▶ INPUT DATA
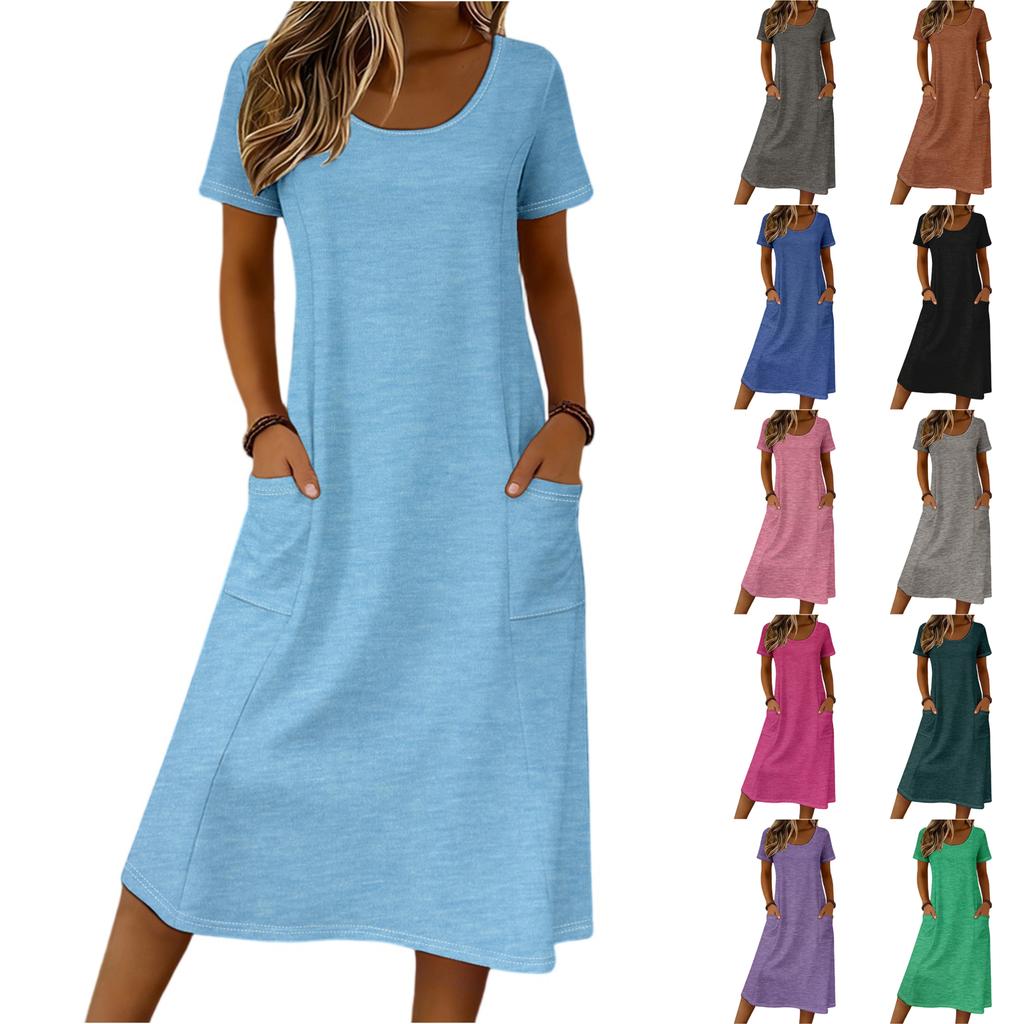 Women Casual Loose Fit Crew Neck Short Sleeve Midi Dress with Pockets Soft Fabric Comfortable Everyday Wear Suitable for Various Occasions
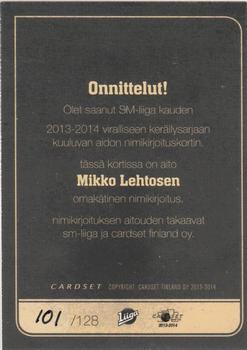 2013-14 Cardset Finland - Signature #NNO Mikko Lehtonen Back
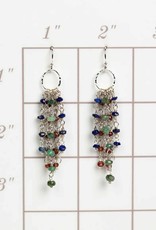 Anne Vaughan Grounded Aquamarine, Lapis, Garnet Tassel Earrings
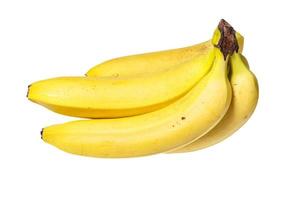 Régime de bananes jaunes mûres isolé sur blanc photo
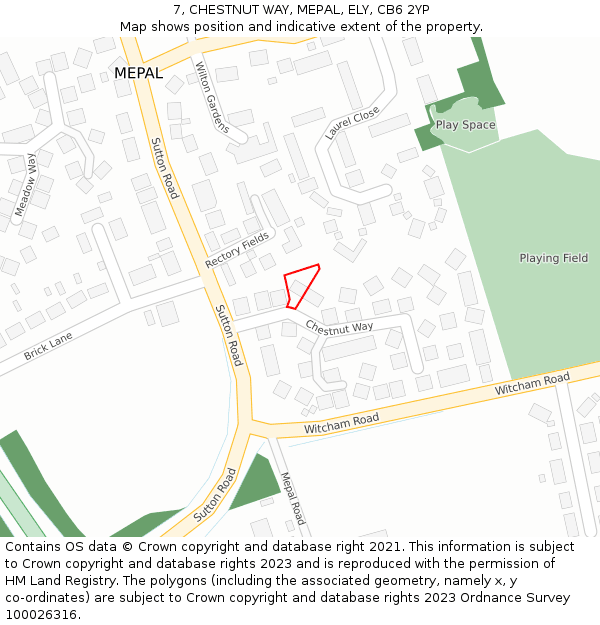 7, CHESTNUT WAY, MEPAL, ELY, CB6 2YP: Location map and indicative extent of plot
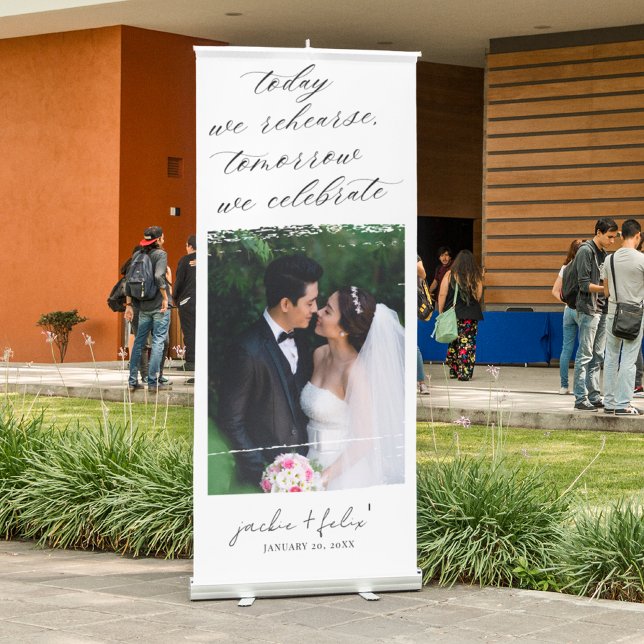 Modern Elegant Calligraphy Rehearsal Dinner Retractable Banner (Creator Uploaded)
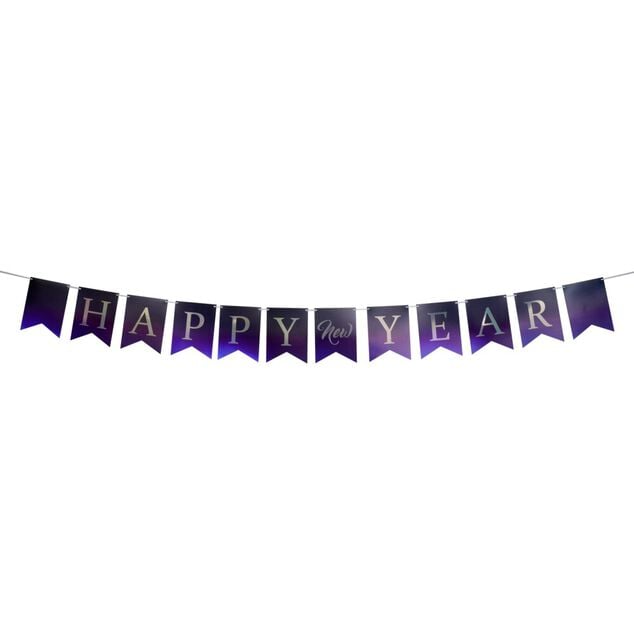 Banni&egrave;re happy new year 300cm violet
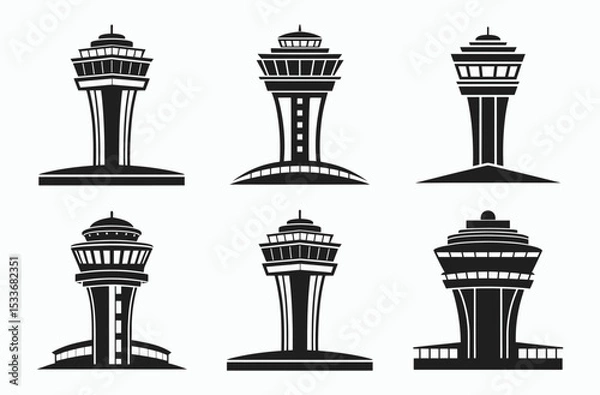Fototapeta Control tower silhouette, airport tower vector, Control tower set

==

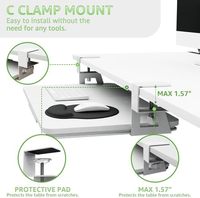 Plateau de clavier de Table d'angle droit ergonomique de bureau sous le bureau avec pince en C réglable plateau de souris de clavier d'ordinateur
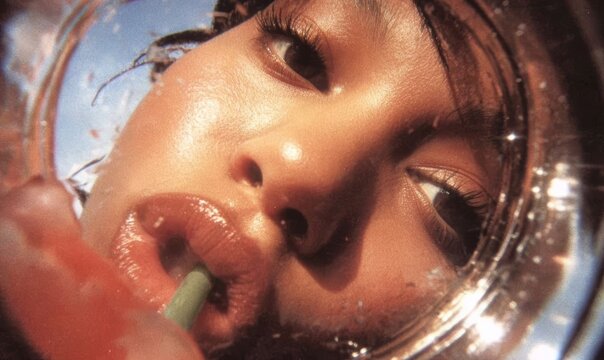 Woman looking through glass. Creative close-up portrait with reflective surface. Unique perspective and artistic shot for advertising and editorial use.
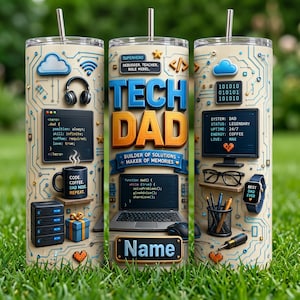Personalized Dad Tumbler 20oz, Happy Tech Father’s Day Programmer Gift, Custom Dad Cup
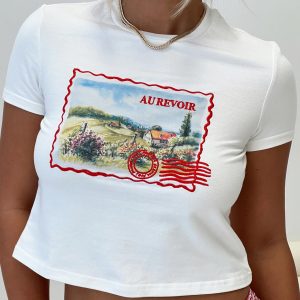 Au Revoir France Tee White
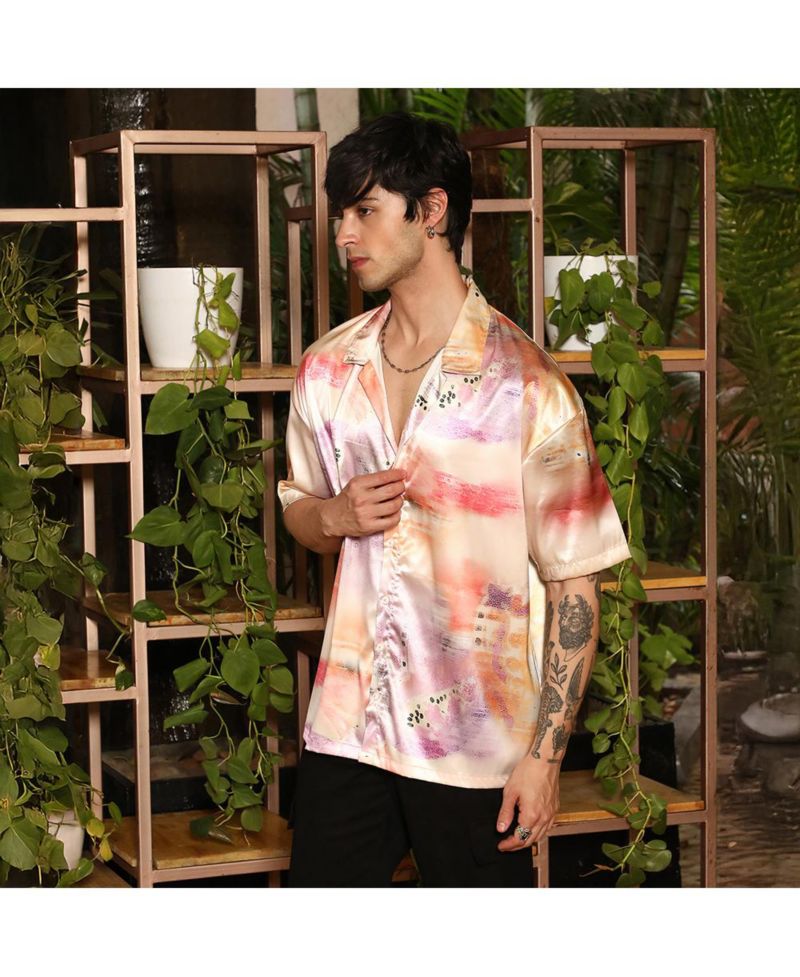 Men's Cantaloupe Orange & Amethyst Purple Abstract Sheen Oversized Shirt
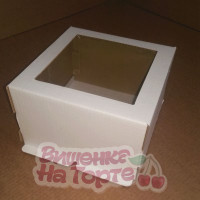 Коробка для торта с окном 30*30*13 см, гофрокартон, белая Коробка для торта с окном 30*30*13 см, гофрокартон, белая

▶ EXERCISE
Each line above from the one containing "Personalized Dad Tumbler" through the one containing "гофрокартон, белая Коробка" is to be returned verbatim. Nothing else, and no pictures.

▶ SOLUTION FOR THIS TASK
Personalized Dad Tumbler 20oz, Happy Tech Father’s Day Programmer Gift, Custom Dad Cup
 Au Revoir France Tee White
 Men's Cantaloupe Orange & Amethyst Purple Abstract Sheen Oversized Shirt
 Коробка для торта с окном 30*30*13 см, гофрокартон, белая Коробка для торта с окном 30*30*13 см, гофрокартон, белая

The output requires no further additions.